Das Buch gilt jetzt schon
als Klassiker – gleichwertig zu Camus’ Roman. Le monde des livres aus
Frankreich jubelt: „Ein großartiger Roman. In Zukunft wird man Der Fremde
und Der Fall Meursault – eine Gegendarstellung nebeneinander lesen.“
Albert
Camus‘ Roman Der Fremde ist
Pflichtlektüre für alle, die sich eingehender mit der französischen Kultur und
Sprache beschäftigen. Der Roman gilt als eines der Hauptwerke der Philosophie
des Existentialismus und gehört zum Kanon der Weltliteratur. Umso gewagter ist
da die Idee des Autors, eine Gegendarstellung zu verfassen. Er variiert das
Original und streut Anspielungen ein. Er macht aus seinem Roman keine Kopie des
Originals, sondern überträgt ihn in eine arabische Version. Die kühle, distanzierte,
ungerührte Prosa in Camus‘ Original, was den Roman zum Kult machte, wird
gekontert mit einer emotionalen, leidenschaftlichen bis hin zu einer zur
Geschwätzigkeit neigenden Prosa. Der eurozentrische Blick in Camus‘ Werk wird
gegen einen arabischzentrierten Blick eingetauscht. Von der Idee her ist das
brillant und verdient Respekt. Den Roman allerdings auf eine Stufe mit Albert
Camus‘ Werk zu setzen, ist hingegen gewagt. Der Roman ist ein wichtiger Beitrag
für den postkolonialen Diskurs, er schreibt die Geschichte des Fremden nicht
neu sondern anders. Gerade die Umkehr des Blicks machen diesen Roman spannend.

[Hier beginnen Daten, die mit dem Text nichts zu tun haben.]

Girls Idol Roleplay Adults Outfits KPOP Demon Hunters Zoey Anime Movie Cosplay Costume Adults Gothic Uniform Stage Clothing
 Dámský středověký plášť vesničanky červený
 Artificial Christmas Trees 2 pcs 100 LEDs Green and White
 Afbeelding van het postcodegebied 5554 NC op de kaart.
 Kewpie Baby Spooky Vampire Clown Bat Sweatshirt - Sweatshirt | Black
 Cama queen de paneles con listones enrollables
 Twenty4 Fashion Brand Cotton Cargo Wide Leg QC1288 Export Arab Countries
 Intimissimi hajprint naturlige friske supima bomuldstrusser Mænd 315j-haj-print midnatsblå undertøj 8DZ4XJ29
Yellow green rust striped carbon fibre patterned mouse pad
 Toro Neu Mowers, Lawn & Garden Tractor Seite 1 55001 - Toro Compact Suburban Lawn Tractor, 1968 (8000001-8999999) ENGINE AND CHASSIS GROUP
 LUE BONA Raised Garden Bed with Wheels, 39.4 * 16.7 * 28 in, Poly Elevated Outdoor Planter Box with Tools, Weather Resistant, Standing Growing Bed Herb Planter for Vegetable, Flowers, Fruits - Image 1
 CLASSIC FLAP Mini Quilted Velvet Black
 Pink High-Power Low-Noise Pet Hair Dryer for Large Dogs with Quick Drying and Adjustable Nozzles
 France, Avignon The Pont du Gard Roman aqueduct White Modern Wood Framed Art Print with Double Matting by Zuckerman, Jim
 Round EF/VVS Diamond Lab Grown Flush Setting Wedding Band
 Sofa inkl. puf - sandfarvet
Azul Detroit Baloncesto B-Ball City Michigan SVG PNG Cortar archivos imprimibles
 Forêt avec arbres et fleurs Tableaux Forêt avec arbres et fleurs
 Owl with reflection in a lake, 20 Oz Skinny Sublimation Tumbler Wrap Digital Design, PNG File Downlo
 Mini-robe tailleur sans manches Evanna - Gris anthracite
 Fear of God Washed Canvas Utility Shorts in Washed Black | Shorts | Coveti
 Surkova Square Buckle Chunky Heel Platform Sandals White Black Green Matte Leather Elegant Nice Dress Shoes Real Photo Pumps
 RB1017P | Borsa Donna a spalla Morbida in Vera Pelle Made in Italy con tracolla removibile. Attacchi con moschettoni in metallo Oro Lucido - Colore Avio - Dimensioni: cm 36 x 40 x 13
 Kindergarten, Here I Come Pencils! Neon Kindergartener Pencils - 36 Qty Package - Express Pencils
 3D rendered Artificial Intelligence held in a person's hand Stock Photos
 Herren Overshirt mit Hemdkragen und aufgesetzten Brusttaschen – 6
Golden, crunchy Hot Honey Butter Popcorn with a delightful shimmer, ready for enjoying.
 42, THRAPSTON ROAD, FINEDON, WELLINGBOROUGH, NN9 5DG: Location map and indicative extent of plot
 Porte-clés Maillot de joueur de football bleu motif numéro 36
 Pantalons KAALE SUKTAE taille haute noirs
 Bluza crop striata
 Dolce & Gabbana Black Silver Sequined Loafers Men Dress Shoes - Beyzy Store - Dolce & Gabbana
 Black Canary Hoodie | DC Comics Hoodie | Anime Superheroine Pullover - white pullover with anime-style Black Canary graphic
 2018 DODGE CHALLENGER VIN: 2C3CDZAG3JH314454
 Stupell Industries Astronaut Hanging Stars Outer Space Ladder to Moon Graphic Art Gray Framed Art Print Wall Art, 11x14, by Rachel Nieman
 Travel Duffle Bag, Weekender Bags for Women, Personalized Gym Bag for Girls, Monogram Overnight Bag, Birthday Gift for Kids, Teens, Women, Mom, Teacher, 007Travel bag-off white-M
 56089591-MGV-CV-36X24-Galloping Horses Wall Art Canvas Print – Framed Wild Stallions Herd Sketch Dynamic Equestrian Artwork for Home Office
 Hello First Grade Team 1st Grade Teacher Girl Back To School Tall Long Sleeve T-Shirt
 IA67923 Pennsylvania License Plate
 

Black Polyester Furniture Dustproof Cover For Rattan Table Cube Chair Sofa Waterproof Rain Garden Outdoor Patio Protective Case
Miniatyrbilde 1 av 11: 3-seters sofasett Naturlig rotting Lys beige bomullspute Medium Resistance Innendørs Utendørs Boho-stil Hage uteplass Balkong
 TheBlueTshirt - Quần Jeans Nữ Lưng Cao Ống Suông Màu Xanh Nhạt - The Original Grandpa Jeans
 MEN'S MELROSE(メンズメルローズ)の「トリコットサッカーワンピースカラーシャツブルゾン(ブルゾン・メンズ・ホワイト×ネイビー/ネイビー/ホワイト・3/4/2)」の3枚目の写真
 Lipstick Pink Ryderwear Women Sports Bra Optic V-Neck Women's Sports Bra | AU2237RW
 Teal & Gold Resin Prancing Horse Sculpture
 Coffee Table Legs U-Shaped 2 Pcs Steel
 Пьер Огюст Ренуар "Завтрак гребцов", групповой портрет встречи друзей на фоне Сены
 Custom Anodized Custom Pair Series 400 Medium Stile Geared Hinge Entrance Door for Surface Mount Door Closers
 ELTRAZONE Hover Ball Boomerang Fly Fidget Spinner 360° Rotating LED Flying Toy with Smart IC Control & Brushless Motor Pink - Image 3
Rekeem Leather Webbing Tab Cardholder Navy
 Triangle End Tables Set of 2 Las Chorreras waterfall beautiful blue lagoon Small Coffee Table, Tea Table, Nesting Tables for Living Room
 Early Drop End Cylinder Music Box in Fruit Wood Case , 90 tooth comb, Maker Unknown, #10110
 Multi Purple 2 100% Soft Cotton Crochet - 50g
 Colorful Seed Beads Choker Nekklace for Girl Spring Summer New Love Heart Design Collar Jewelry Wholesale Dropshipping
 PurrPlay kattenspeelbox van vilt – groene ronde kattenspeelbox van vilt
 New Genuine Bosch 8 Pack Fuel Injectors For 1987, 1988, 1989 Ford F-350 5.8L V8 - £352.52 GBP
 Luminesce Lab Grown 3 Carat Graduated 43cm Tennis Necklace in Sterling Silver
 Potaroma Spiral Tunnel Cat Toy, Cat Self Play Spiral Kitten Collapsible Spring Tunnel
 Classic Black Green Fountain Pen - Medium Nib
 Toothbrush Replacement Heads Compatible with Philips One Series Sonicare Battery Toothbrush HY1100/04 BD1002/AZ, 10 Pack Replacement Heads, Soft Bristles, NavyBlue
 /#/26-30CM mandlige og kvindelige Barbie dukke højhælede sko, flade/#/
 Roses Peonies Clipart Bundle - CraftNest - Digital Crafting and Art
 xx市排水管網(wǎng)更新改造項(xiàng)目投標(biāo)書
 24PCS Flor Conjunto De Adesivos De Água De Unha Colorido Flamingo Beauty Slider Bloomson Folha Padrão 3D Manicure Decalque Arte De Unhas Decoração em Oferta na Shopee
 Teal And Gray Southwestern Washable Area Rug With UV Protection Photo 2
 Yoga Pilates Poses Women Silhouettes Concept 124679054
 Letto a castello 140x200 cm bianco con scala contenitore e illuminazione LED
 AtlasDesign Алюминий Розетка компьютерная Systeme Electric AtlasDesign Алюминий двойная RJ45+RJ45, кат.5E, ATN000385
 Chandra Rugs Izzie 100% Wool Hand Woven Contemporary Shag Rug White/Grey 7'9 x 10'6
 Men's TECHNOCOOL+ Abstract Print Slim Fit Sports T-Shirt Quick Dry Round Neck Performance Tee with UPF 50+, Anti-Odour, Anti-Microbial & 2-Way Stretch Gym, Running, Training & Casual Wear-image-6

Doch Albert Camus‘ genailes Werk Der Fremde kann dadurch nicht
egalisiert werden.
Kamel
Daoud, Jahrgang 1970, im algerischen Mostaganem geboren, war Journalist beim
Quotidien d’Oran, für den er mehr als 12 Jahre lang eine der meistgelesenen
politischen Kolumnen in Algerien schrieb. Er lebt in Oran. Kamel Daoud hat
bereits einen Band mit Erzählungen veröffentlicht. Der Fall Meursault – eine
Gegendarstellung ist sein erster Roman, für den er u.a. mit dem Prix
Goncourt du Premier Roman, dem Prix Mauriac und dem English PEN Award
ausgezeichnet wurde.
Der Fall Meursault –
eine Gegendarstellung von Kamel Daoud ist bei Kiepenheuer & Witsch erschienen.